Is there a way to split a list into smaller lists depending on a certain value. To clarify what I want, I have a list of nparrays like this:
list_full = [[[some data_1], [1 0 0 0 0]],
[[some data_2], [0 1 0 0 0]],
[[some data_3], [1 0 0 0 0]],
[[some data_4], [0 1 0 0 0]]]
I want to get lists like this :
list_1 = [[[some data_1], [1 0 0 0 0]], [[some data_3], [1 0 0 0 0]]]
list_2 = [[[some data_2], [0 1 0 0 0]], [[some data_4], [0 1 0 0 0]]]
As you can see, we regroup lists depends on list_full[i][1]
I have this code that I found in this toppic How to split a list into smaller lists python
from itertools import groupby
lst = [['ID1', 'A'],['ID1','B'],['ID2','AAA'], ['ID2','DDD']]
grp_lists = []
for i, grp in groupby(lst, key= lambda x: x[0]):
grp_lists.append(list(grp))
But it didn't working with me because I have numpy array as x[0], when I run this I got this error :
ValueError: The truth value of an array with more than one element is ambiguous. Use a.any() or a.all()
Thank you.
CodePudding user response:
To avoid the error you can convert the np.array
to a list when it's the key. You also need to use x[1]

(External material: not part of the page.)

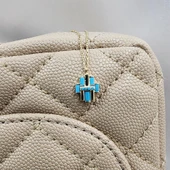 Gümüş Kolye - Çoklu Baget Enerji 925 Ayar Gümüş Kolye-Firuze Taşlı Baget Hediyelik Gümüş Kolye - 6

as the key and sort the list before grouping it
list_full = [[['some data_1'], np.array([1, 0, 0, 0, 0])],
[['some data_2'], np.array([0, 1, 0, 0, 0])],
[['some data_3'], np.array([1, 0, 0, 0, 0])],
[['some data_4'], np.array([0, 1, 0, 0, 0])]]
list_full.sort(key=lambda x: list(x[1]), reverse=True)
new_list = [list(g) for _, g in groupby(list_full, key=lambda x: list(x[1]))]
print(new_list[0]) # [[['some data_1'], array([1, 0, 0, 0, 0])], [['some data_3'], array([1, 0, 0, 0, 0])]]
print(new_list[1]) # [[['some data_2'], array([0, 1, 0, 0, 0])], [['some data_4'], array([0, 1, 0, 0, 0])]]
CodePudding user response:
I solved that by using the real represantation instead of one hot code. So I have added 'np.argmax' as following :
for i, grp in groupby(list_full, key=lambda x: np.argmax(x[1], axis=-1)):
grp_lists.append(list(grp))
CodePudding user response:
If you want to use itertools.groupby you can convert the numpy array to a list and perform the splitting. But make sure to sort the list first.
from itertools import groupby
import numpy as np
np_list = np.array(
[[['a', 'a'], [1, 0, 0, 0, 0]],
[['b', 'b'], [0, 1, 0, 0, 0]],
[['x', 'x'], [1, 0, 0, 0, 0]],
[['d', 'd'], [0, 1, 0, 0, 0]]])
lst = np_list.tolist()
lst.sort(key=lambda x: x[1])
lst_sorted = []
for i, grp in groupby(lst, key= lambda x: x[1]):
lst_sorted.append(list(grp))
In the above example your initial list is split in the following way:
[[['b', 'b'], [0, 1, 0, 0, 0]], [['d', 'd'], [0, 1, 0, 0, 0]]]
[[['a', 'a'], [1, 0, 0, 0, 0]], [['x', 'x'], [1, 0, 0, 0, 0]]]